TASK BRIEF:
Sift the material for lines containing "type", and return them.

§ §

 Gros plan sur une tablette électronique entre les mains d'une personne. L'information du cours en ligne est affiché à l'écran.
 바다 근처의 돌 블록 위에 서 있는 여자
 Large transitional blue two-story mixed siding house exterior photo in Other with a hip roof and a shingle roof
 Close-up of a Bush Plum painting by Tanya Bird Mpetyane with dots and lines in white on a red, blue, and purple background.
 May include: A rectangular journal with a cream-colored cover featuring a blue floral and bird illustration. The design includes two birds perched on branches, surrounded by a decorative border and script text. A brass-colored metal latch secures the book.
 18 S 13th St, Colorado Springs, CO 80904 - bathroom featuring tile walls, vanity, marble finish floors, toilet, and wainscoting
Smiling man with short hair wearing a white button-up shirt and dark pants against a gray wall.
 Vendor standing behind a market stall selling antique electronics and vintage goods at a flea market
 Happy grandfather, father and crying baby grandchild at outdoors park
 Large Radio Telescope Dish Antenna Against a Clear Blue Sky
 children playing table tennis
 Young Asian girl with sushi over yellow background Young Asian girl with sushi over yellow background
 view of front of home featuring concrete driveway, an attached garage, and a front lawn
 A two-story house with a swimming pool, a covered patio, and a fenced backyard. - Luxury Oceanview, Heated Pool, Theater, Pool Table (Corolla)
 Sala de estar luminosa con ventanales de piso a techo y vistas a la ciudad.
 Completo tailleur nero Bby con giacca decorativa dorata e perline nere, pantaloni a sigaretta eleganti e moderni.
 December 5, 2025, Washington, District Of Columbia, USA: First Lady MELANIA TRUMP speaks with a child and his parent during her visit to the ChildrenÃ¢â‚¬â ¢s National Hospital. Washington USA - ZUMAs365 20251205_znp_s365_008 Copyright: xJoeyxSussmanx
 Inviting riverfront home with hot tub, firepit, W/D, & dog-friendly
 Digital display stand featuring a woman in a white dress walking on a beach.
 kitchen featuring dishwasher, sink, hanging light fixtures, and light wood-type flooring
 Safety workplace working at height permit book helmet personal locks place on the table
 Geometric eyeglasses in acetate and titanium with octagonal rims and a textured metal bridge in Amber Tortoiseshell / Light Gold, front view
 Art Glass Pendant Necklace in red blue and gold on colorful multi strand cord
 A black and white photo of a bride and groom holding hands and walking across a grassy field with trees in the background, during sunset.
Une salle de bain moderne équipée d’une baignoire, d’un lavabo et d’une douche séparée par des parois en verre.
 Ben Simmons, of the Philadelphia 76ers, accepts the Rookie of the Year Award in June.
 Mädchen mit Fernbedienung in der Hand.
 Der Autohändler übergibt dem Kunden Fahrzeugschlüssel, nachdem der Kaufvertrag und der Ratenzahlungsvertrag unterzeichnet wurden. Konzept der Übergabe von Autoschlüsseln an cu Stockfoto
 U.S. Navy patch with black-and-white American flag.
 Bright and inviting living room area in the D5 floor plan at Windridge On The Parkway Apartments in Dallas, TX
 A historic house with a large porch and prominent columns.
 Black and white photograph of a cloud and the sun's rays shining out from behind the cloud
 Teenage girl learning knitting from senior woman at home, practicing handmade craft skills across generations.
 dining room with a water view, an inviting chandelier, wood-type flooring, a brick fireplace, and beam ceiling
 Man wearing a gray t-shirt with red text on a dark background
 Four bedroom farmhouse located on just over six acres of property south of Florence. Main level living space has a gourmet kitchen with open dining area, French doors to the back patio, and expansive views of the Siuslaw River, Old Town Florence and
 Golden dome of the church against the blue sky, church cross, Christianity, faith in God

§ §

RESPONSE AREA:
 kitchen featuring dishwasher, sink, hanging light fixtures, and light wood-type flooring
 dining room with a water view, an inviting chandelier, wood-type flooring, a brick fireplace, and beam ceiling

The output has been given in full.